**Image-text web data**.
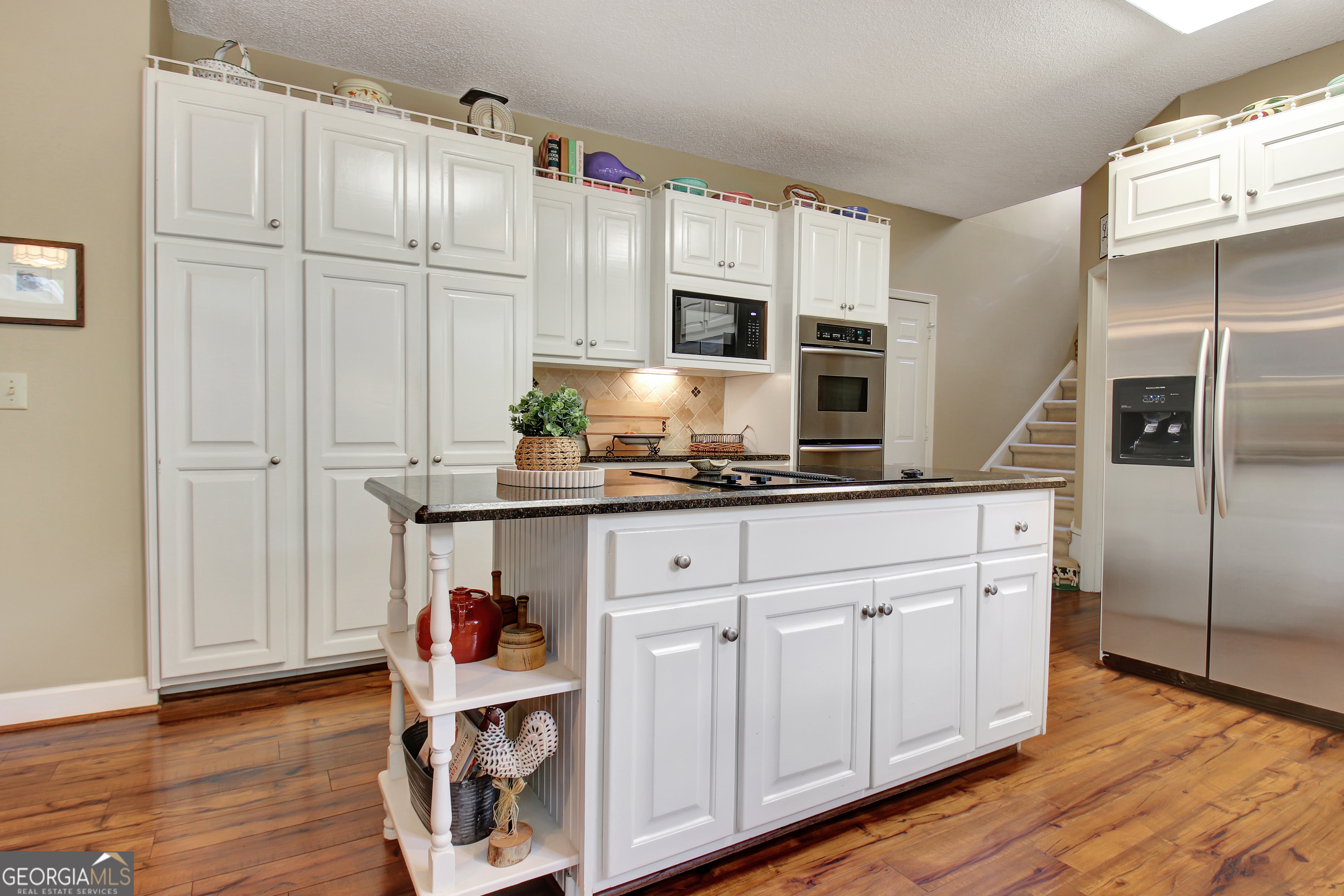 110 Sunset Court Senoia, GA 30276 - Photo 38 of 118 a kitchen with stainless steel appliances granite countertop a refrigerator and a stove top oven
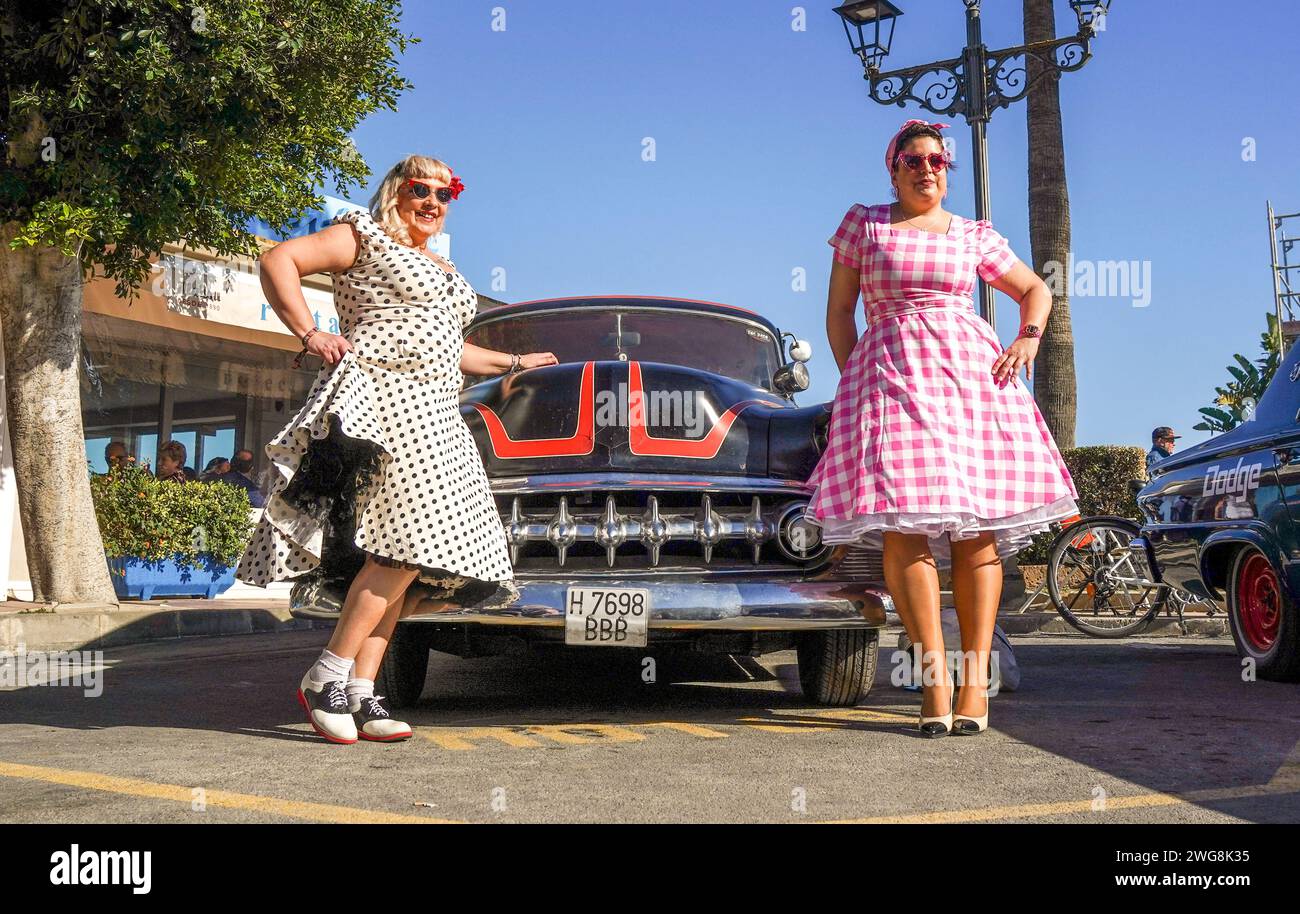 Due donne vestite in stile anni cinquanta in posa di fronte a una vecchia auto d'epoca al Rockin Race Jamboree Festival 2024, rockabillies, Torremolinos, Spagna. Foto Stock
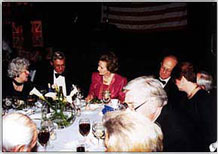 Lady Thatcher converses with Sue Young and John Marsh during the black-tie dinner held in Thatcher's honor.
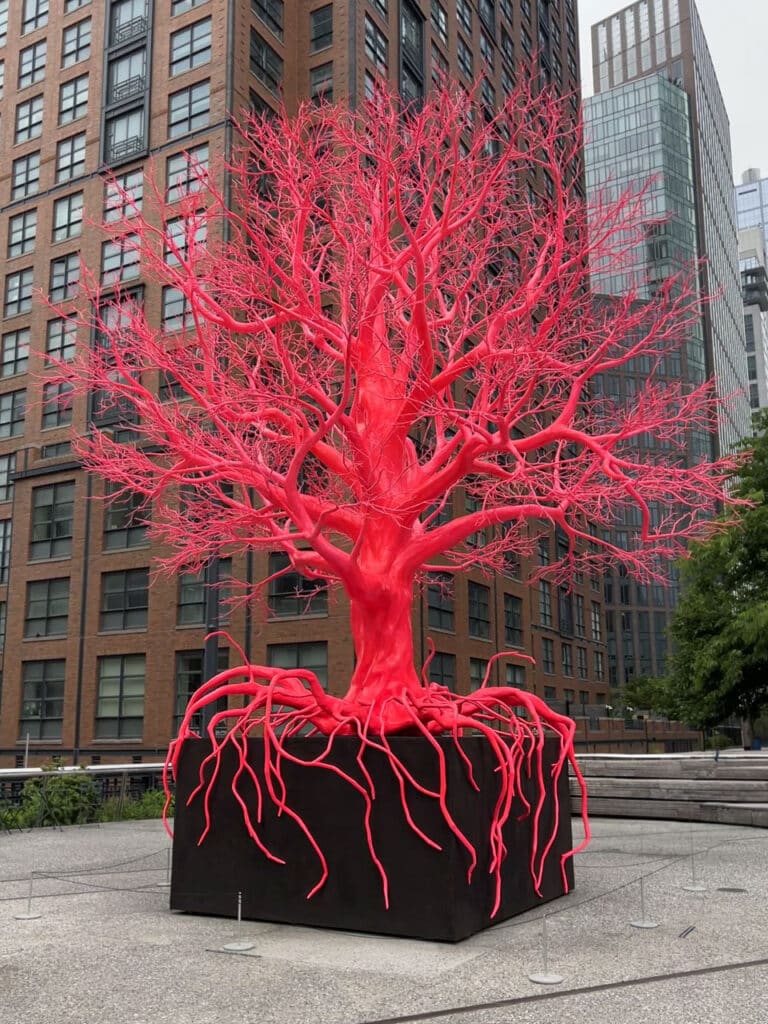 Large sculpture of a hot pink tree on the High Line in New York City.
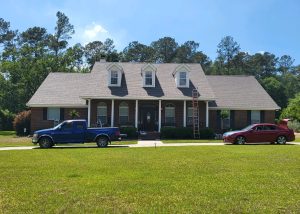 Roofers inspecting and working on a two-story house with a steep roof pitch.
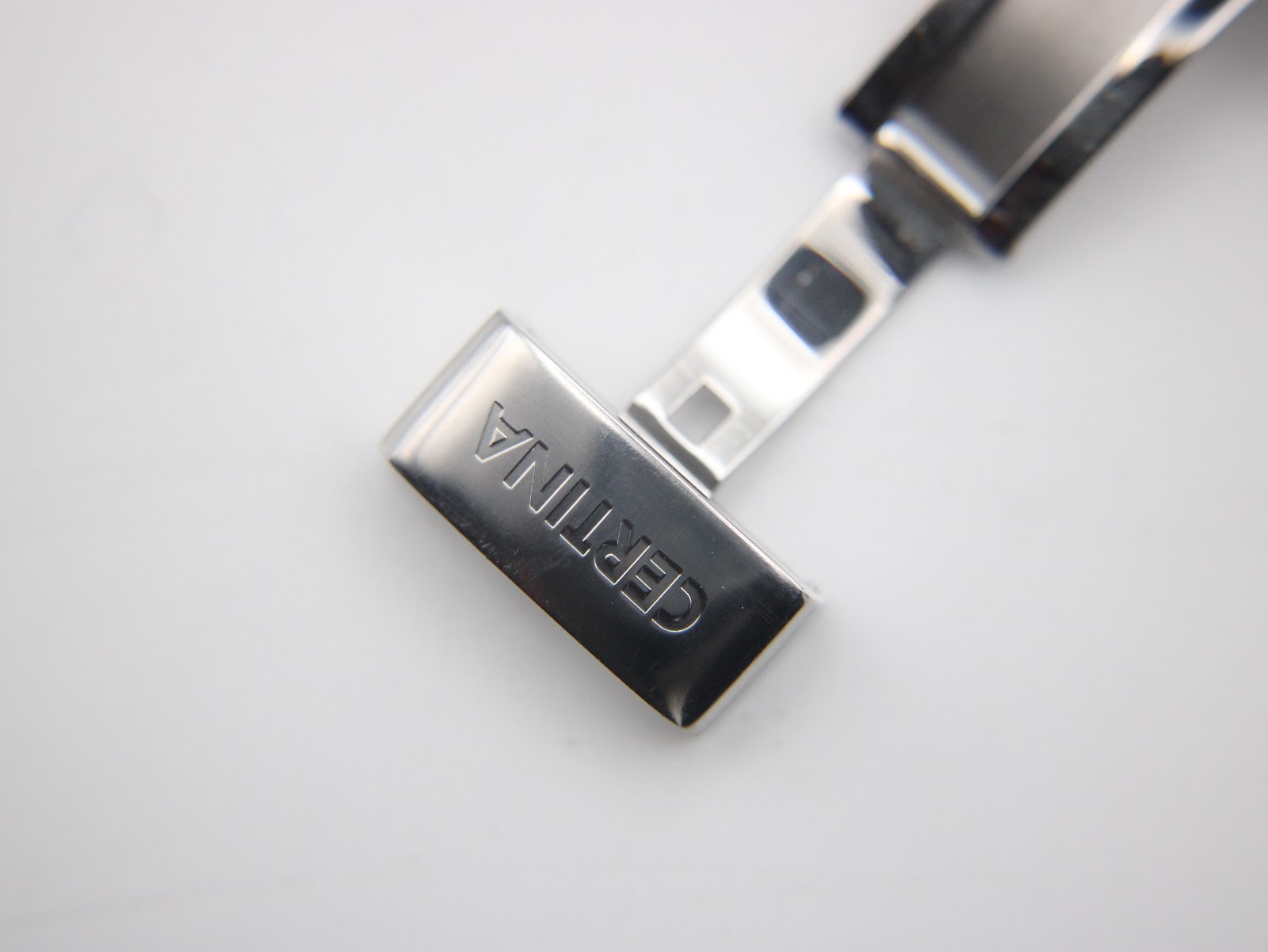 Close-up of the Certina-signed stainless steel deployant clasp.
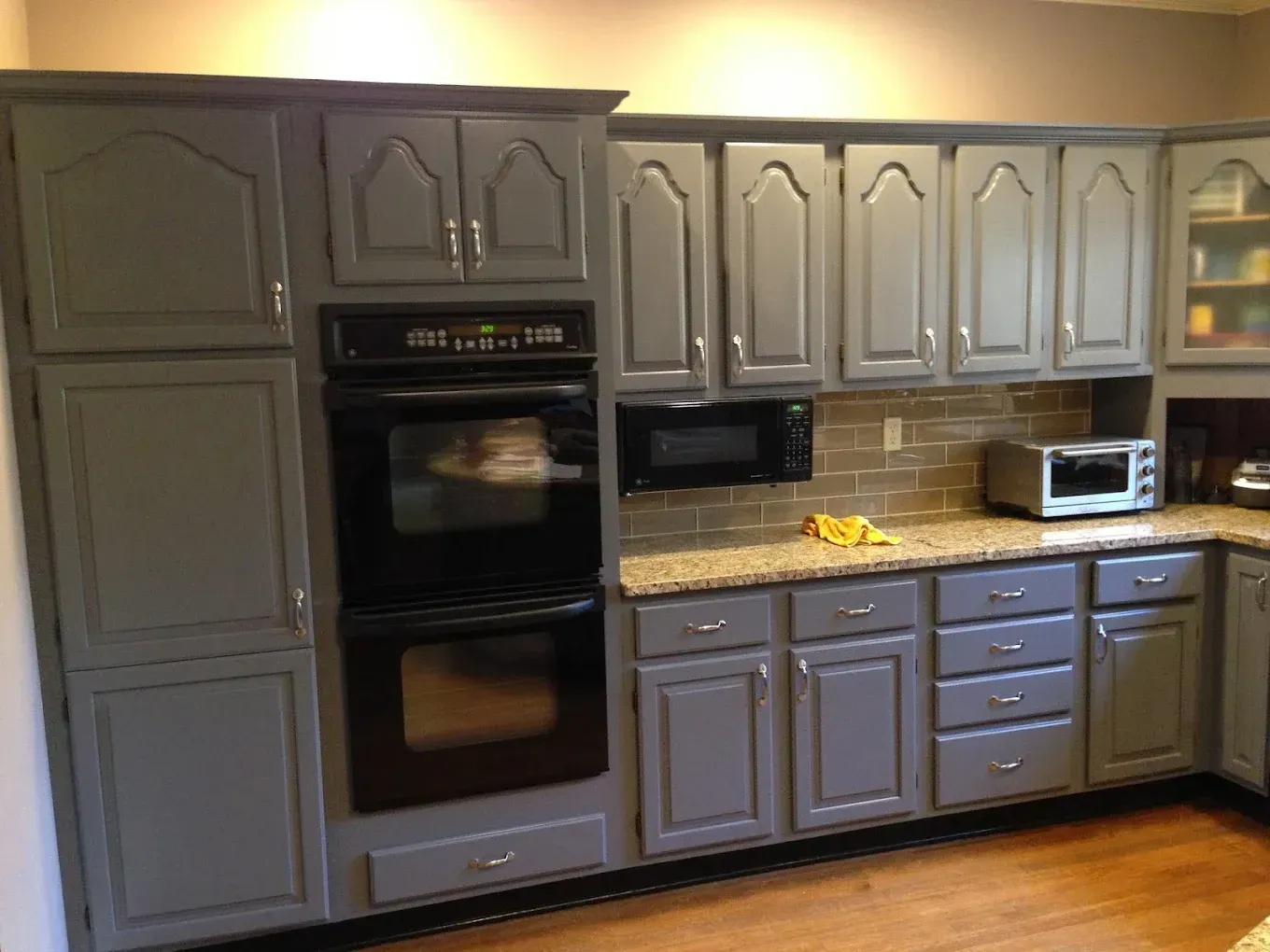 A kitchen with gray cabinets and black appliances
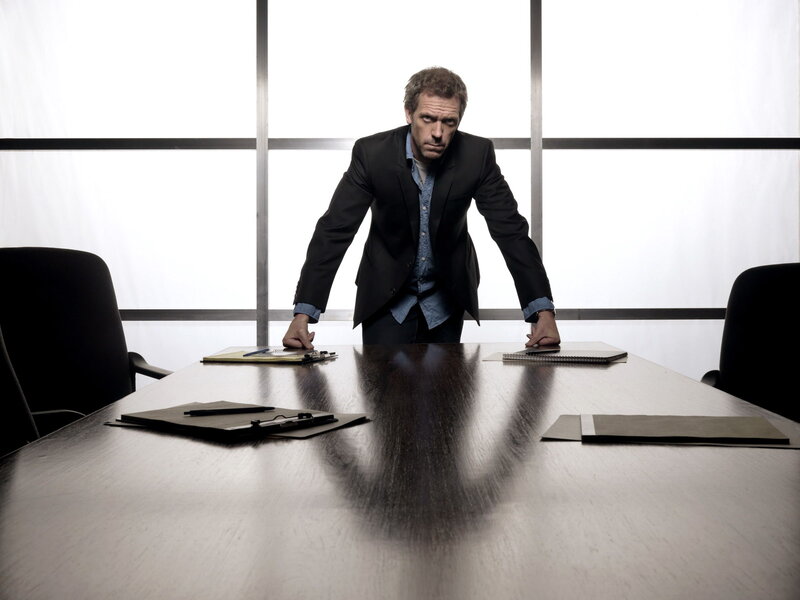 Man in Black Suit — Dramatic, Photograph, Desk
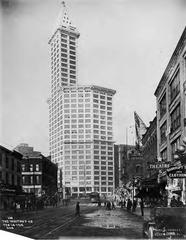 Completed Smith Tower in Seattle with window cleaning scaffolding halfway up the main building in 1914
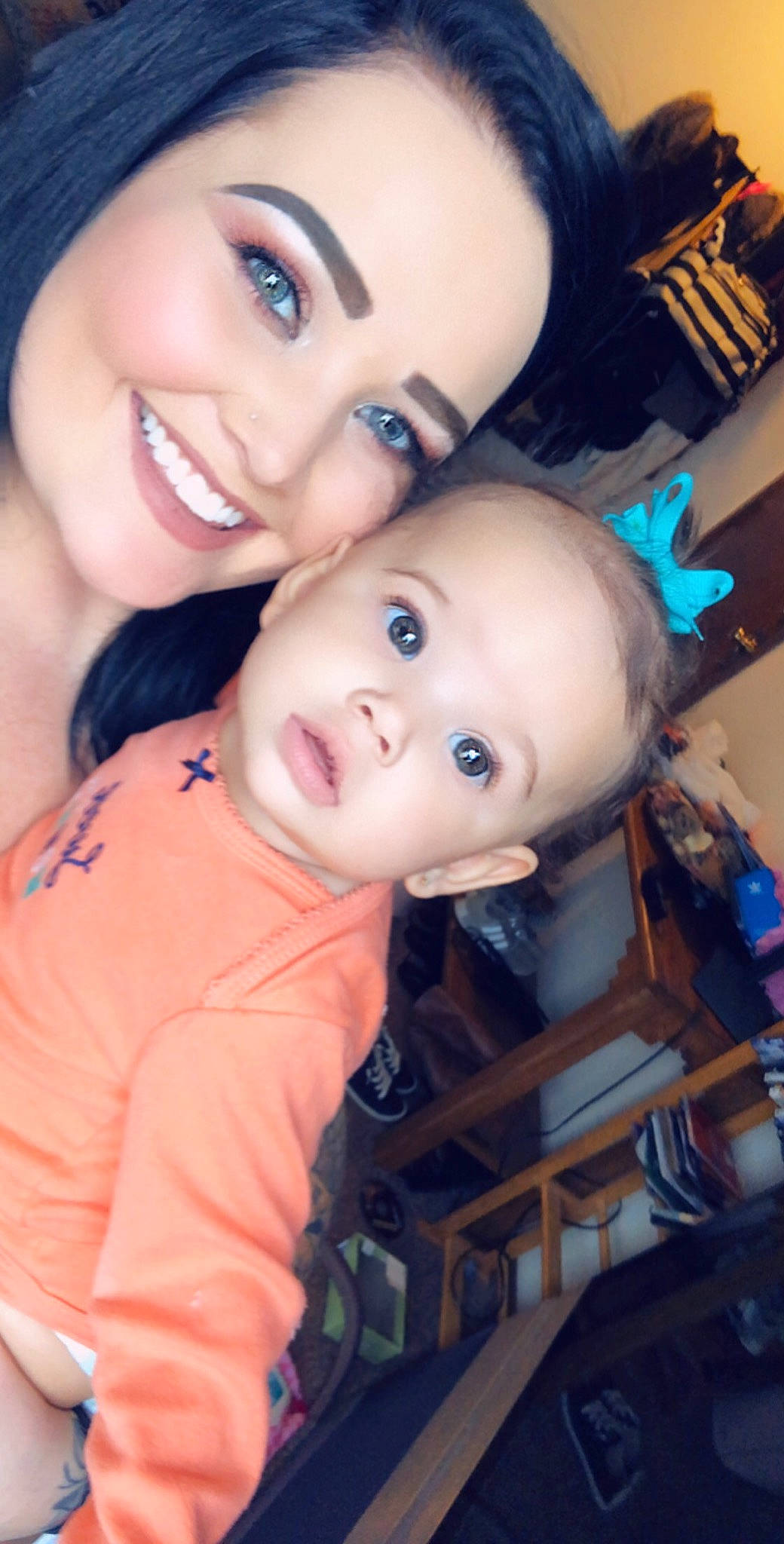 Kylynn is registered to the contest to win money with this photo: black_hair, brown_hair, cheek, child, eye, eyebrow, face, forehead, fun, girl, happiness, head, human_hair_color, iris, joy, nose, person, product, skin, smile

**ACTION ITEM**.
The records, exactly as written but without images, should be returned.

**WRITTEN RESPONSE**.
 110 Sunset Court Senoia, GA 30276 - Photo 38 of 118 a kitchen with stainless steel appliances granite countertop a refrigerator and a stove top oven
 Due donne vestite in stile anni cinquanta in posa di fronte a una vecchia auto d'epoca al Rockin Race Jamboree Festival 2024, rockabillies, Torremolinos, Spagna. Foto Stock
 Lady Thatcher converses with Sue Young and John Marsh during the black-tie dinner held in Thatcher's honor.
 Large sculpture of a hot pink tree on the High Line in New York City.
 Roofers inspecting and working on a two-story house with a steep roof pitch.
 Close-up of the Certina-signed stainless steel deployant clasp.
 A kitchen with gray cabinets and black appliances
 Man in Black Suit — Dramatic, Photograph, Desk
 Completed Smith Tower in Seattle with window cleaning scaffolding halfway up the main building in 1914
 Kylynn is registered to the contest to win money with this photo: black_hair, brown_hair, cheek, child, eye, eyebrow, face, forehead, fun, girl, happiness, head, human_hair_color, iris, joy, nose, person, product, skin, smile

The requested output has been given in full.